[Exercise aim] Only the lines from the start of the data through the line containing "The 2014 Versa." should be written out, exactly as they are, with both ends included and the pictures left out.

________________________________________

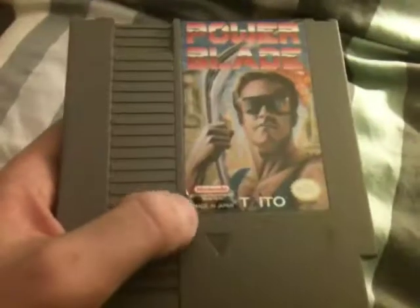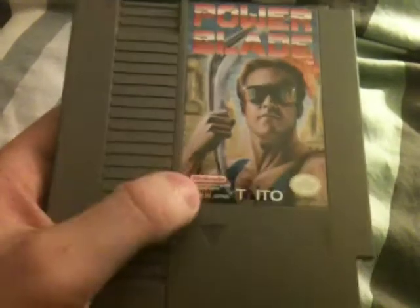The next game I got is Power Blade. I do have a copy of this — I thought this one was in better shape than mine, but I think mine has the same problem where that corner is sticking up. Other than that the label is in really good shape, and it came with one of those dust sleeves, which I have about eight billion of.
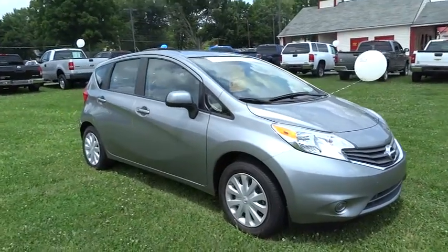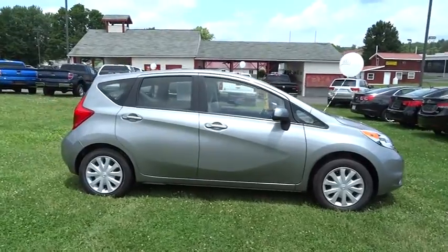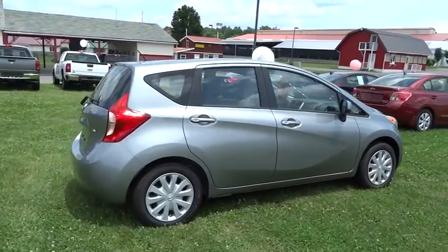The 2014 Versa. With its roomy and inviting interior, impressive technology, and exceptional gas mileage, the Nissan Versa is smart to own and fun to drive.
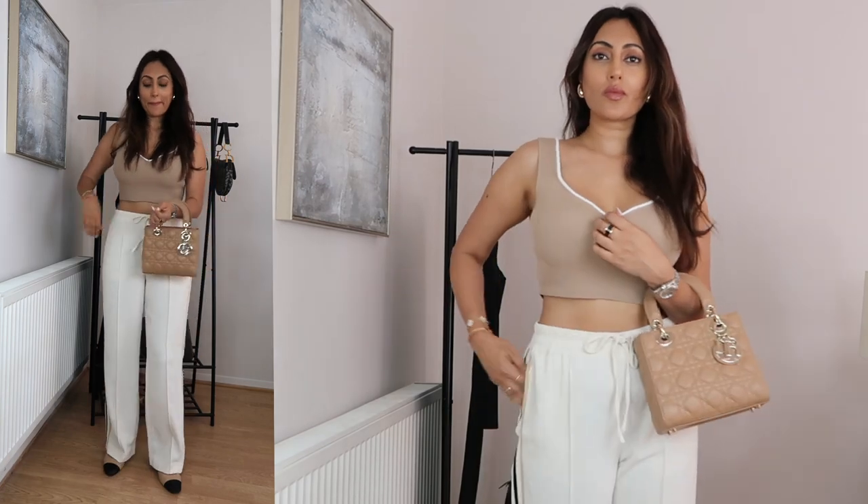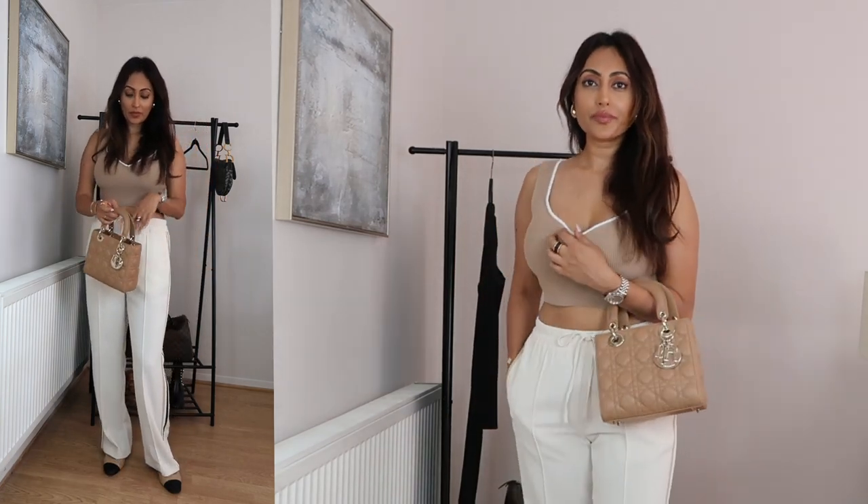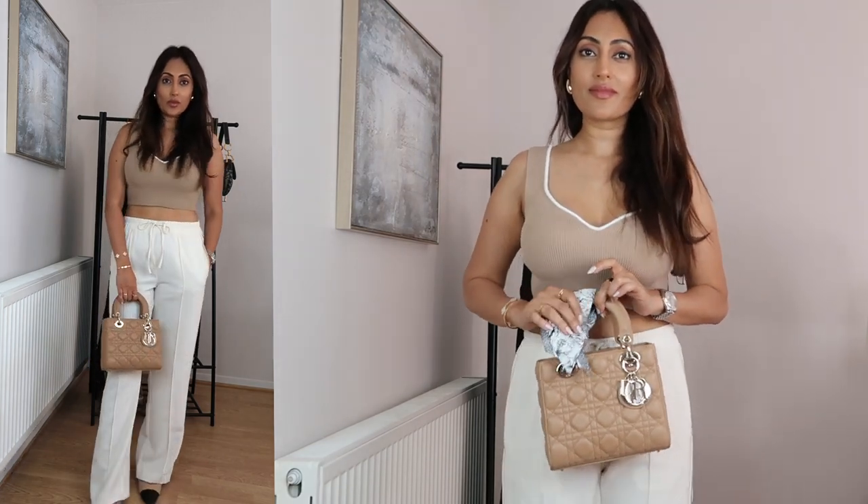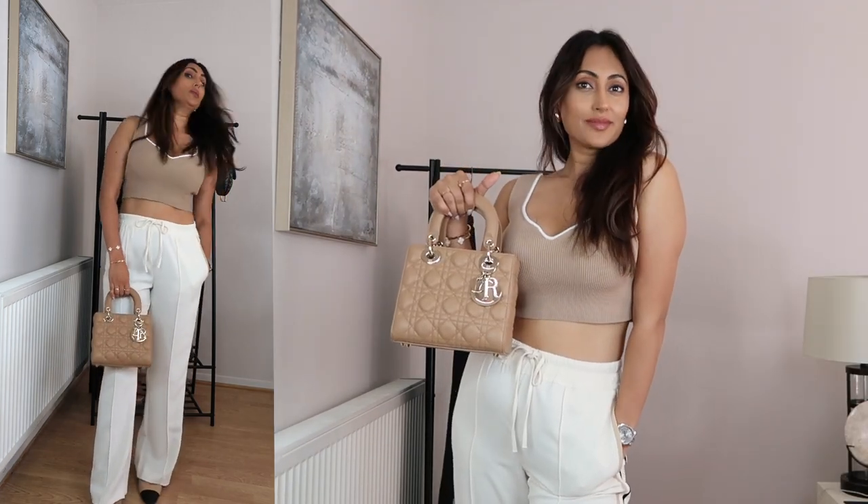For a chic daytime look, you could pair this up with flowy wide leg trousers — these are from Reese. Because of the neutral tone of the bag, it'll complement the simplicity of the outfit. You can complete the look with a pair of nude sandals and minimalistic gold jewellery, just for a touch of elegance.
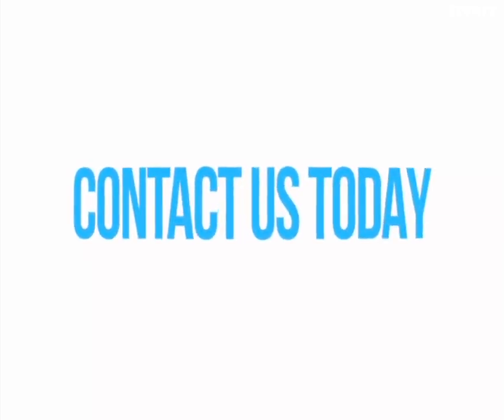Why not check out our custom logo animation, product artwork, YouTube videos, thumbnail artwork, with just 24-hour delivery at low prices. Contact us today.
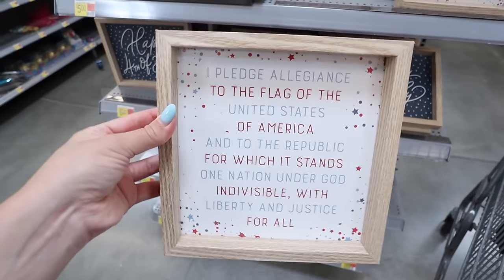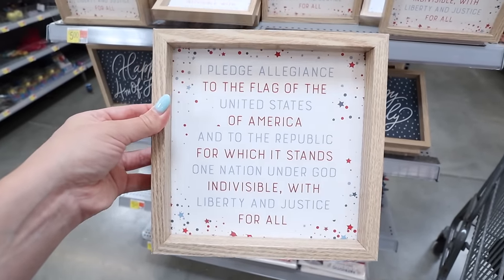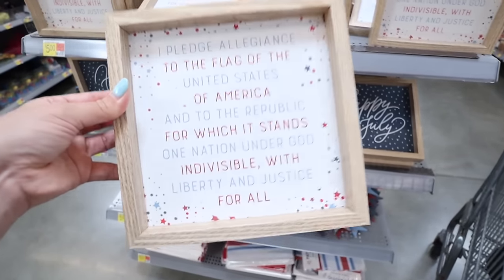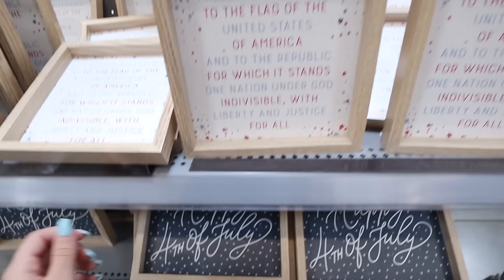I get really excited every time I show these items because in the comments you guys always say you're finding the Walmart Dollar Shop near you, which makes me so excited. It is rolling out to all the different Walmarts, so be patient - it is coming. We have this really fun 4th of July box sign that says 'I Pledge Allegiance to the Flag' with little red, white, and blue stars and paint splatters in a nice wooden frame - this is $5.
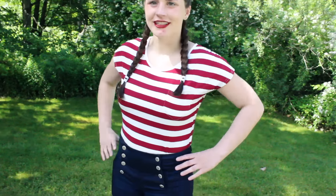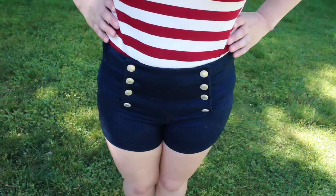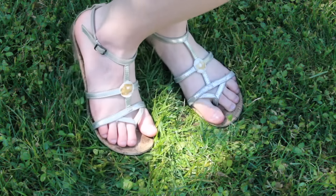Moving on to my outfit, my red and white striped pocket tee is from Marshalls. My navy blue high-waisted shorts are from JCPenney. And my silver sandals are from Payless.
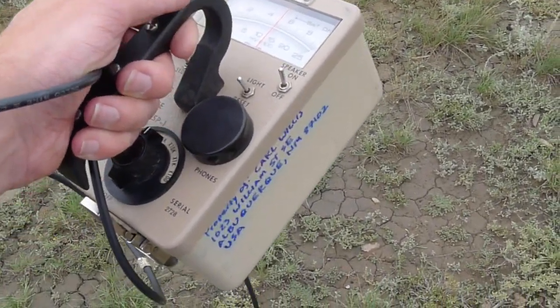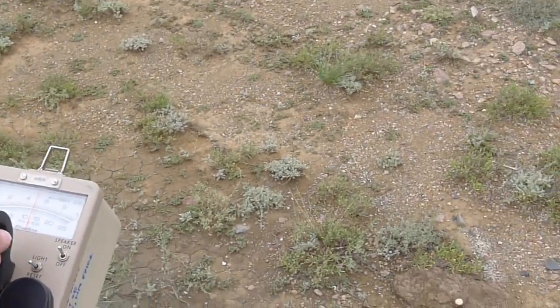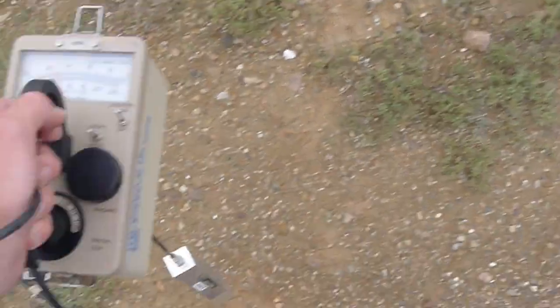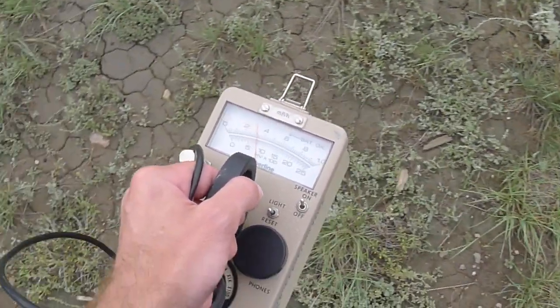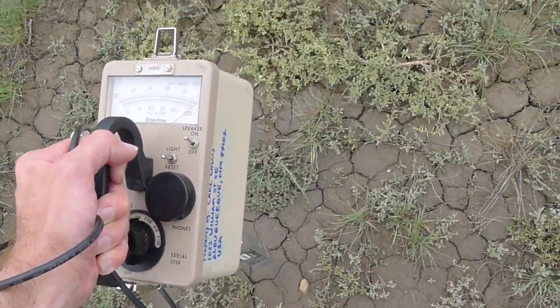You'll notice that the scintillation counter is roaring. We are currently about 20 times background here in Korchadov, but it's very spotty — so right here you won't see anything, whereas if I move over to this area where there's mud, you'll see it's off scale right there.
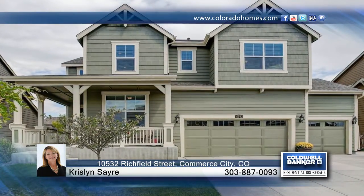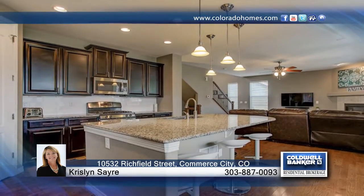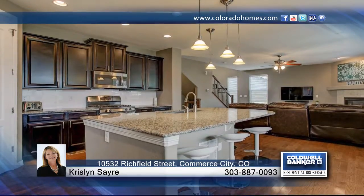This nearly new home is situated on a large lot with both front and back covered porch, the perfect place to relax with friends and family. Inside, this home boasts gorgeous finishes and upgrades throughout.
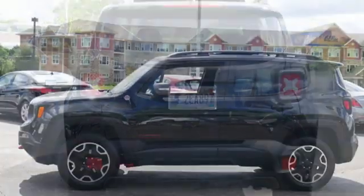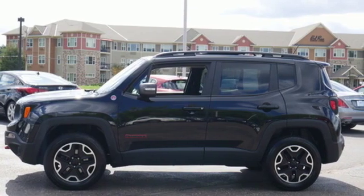Journey anywhere in a Jeep. There's even more to see in person. Take it for a test drive today.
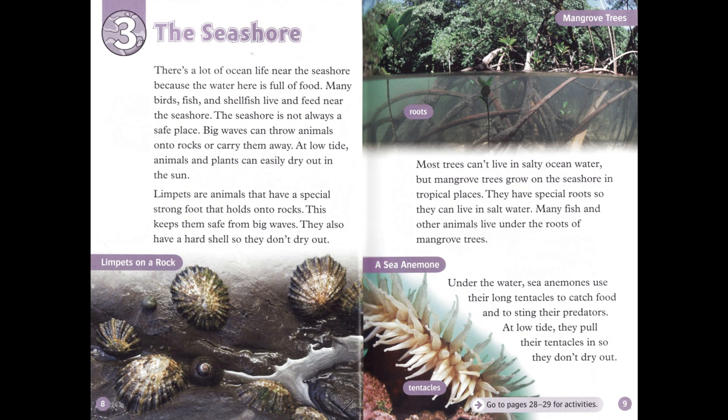There's a lot of ocean life near the seashore because the water here is full of food. Many birds, fish, and shellfish live and feed near the seashore. The seashore is not always a safe place. Big waves can throw animals onto rocks or carry them away. At low tide, animals and plants can easily dry out in the sun. Limpets are animals that have a special strong foot that holds onto rocks.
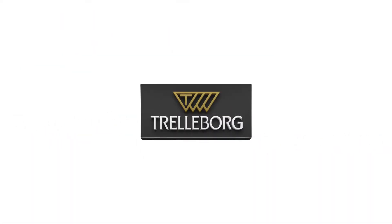Trelleborg, for better business in oil and gas.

________________________________________

[Solution for this exercise]
The next game I got is Power Blade. I do have a copy of this — I thought this one was in better shape than mine, but I think mine has the same problem where that corner is sticking up. Other than that the label is in really good shape, and it came with one of those dust sleeves, which I have about eight billion of.
The 2014 Versa. With its roomy and inviting interior, impressive technology, and exceptional gas mileage, the Nissan Versa is smart to own and fun to drive.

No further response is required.